(Vikram Jeet Singh and Kalindhi Bhatia)
Indian data privacy laws are in the process of being overhauled following the Indian Supreme Court’s 2017 ruling holding that informational privacy is a fundamental right. The first iteration of the proposed law was released in 2018; subsequently, a second iteration called the Personal Data Protection Bill, 2019 (“PDP Bill”) was introduced in 2019 with some changes. Following its release in December, 2019, the Bill was referred to a Joint Parliamentary Committee of the Indian Parliament (“JPC”) for their review and recommendations.
After nearly two (2) years of discussions, the JPC placed its Report before the Parliament on December 16, 2021.
The Report can be viewed here.
This Report contains a detailed account of the regulatory intentions behind the new data privacy bill and deserves to be read in its entirety. We have set out below a few key ‘recommendations’ proposed by the JPC:
Inclusion of Non-Personal Data in Scope: To avoid multiple legislations and constitution of separate data protection authorities, the Report proposes including regulation of non-personal data within the provisions of the PDP Bill. A single Data Protection Authority (“DPA”) will govern both fields, of non-personal data and personal data.

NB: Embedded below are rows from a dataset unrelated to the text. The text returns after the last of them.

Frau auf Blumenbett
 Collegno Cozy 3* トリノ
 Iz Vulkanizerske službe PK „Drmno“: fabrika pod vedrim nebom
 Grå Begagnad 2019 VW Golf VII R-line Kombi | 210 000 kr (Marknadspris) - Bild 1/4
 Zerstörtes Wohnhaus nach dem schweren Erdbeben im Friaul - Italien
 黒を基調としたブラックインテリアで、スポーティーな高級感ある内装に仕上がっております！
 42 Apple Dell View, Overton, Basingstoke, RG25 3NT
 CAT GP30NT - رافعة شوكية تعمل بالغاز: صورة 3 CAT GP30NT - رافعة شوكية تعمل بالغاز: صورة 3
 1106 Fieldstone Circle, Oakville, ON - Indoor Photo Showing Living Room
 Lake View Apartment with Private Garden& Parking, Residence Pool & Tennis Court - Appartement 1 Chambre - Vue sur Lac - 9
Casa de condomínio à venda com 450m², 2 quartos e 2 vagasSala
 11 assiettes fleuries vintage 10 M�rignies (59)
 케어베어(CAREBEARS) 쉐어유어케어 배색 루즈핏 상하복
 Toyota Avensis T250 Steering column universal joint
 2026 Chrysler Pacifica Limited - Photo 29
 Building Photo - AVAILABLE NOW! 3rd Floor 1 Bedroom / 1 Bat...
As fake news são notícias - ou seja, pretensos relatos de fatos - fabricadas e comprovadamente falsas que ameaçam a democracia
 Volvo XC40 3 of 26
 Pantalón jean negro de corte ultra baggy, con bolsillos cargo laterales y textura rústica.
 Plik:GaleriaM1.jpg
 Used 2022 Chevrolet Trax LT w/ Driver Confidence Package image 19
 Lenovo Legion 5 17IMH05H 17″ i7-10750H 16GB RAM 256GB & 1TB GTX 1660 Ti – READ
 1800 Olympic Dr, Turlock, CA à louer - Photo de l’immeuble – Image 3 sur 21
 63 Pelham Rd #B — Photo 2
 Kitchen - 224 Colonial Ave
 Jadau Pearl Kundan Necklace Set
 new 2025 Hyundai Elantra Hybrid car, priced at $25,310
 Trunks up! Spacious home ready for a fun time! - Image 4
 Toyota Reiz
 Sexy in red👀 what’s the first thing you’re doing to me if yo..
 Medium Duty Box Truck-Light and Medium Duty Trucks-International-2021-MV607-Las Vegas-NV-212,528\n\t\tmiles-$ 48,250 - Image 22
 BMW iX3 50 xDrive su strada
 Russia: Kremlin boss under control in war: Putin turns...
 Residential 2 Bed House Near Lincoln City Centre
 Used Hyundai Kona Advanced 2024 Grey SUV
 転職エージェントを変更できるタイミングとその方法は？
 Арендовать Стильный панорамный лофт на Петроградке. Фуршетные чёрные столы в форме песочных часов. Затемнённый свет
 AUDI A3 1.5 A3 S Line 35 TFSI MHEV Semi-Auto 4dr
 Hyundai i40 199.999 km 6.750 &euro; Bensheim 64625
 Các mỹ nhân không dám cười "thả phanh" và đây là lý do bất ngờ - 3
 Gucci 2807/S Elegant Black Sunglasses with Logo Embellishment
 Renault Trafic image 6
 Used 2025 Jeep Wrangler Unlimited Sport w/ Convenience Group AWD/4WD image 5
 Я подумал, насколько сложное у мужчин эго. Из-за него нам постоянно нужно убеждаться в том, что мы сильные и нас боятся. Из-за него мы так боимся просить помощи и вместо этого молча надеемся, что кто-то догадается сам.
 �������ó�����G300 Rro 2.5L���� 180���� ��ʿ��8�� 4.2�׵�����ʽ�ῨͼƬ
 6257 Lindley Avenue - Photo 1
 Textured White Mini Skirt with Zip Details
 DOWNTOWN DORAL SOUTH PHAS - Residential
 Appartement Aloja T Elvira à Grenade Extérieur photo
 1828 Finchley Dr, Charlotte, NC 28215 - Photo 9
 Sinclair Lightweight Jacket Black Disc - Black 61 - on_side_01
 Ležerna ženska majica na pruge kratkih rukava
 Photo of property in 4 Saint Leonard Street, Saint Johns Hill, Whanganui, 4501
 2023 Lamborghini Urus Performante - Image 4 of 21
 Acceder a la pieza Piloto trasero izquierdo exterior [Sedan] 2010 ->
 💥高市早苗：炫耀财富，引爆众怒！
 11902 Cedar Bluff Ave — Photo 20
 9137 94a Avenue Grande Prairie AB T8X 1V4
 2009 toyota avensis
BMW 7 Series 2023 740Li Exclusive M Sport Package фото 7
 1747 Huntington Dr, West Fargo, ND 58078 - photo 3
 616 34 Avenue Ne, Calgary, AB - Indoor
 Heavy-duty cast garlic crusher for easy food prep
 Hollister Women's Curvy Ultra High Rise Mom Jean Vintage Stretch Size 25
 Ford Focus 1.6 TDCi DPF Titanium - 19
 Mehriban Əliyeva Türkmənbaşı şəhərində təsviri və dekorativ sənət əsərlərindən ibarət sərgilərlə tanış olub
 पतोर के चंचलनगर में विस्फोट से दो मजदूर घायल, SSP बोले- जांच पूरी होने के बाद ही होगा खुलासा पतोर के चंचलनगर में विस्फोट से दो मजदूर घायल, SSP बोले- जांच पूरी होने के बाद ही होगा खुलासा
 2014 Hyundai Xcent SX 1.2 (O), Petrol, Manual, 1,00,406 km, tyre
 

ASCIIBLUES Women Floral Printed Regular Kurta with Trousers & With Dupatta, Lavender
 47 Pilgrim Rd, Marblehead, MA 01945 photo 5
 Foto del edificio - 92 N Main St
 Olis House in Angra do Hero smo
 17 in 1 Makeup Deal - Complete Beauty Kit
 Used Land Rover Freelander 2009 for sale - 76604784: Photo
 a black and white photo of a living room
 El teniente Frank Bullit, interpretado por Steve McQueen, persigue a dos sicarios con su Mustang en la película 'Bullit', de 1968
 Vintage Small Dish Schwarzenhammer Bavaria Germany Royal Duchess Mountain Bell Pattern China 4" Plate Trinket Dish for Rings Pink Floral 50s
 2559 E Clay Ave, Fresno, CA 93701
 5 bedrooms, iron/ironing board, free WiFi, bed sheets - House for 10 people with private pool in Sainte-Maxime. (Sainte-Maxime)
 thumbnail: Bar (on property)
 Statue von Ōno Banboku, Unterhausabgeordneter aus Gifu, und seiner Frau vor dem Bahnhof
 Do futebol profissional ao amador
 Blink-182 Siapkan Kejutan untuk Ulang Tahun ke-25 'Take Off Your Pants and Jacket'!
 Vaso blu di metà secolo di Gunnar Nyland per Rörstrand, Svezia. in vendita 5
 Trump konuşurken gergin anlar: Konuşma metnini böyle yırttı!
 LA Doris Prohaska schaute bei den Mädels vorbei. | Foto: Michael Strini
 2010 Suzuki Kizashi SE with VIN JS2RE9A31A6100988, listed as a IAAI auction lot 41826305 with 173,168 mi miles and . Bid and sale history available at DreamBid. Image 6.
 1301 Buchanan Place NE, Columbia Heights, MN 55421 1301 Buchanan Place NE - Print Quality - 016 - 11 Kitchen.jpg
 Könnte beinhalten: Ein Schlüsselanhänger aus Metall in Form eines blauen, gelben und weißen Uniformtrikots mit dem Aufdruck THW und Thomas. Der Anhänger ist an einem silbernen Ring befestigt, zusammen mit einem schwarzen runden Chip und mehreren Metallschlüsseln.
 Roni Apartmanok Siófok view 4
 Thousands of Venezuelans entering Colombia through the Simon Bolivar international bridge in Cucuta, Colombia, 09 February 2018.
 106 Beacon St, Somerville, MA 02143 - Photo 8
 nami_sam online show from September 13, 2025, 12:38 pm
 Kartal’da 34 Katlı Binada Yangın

Data localisation proposed: Where existing personal data is held by entities out of India, requiring storing a copy of sensitive and critical data within India is mooted. It is reiterated that government surveillance over such data will be subject to strict application of the principle of necessity.
Data Protection Officers (“DPO”): In addition to the existing requirement of being a resident of India, the DPO should be a ‘key managerial personnel’ of the data collector and possess requisite domain expertise.
Clear consent needed: Language of the draft provision pertaining to consent should be modified to clarify that the data subject’s consent is to be obtained based on context and conduct of collection, without any kind of implicit inferences.
Data collection through hardware products: Formulation of a certification mechanism for emerging technologies (which are used to train systems based on artificial intelligence), digital, and IoT devices that collect personal data. Lab/testing mechanisms to be set up across India that provide this facility and devices/technologies not meeting criteria set out by the DPA to be denied certification.
Social media platforms: All social media platforms that do not act as intermediaries, but exercise control on the visibility and target audience of content hosted on their platforms, to be treated as “publishers” and be held accountable for such content. Additionally, no social media platform to be permitted to operate in India unless the parent company of such platform has set up a physical office in India.
Phased implementation: The Report recommends providing subject entities a period of two (2) years from the date of enforcement of the law to undertake necessary changes to comply with the provisions of the PDP Bill.
Data of Children: Data collectors exclusively dealing with children’s data to register themselves with the DPA.
Do note that this version of the Report and recommendations may influence the final law passed by the Parliament. As a next step, expect a fresh data privacy bill to be tabled for discussion in the near future.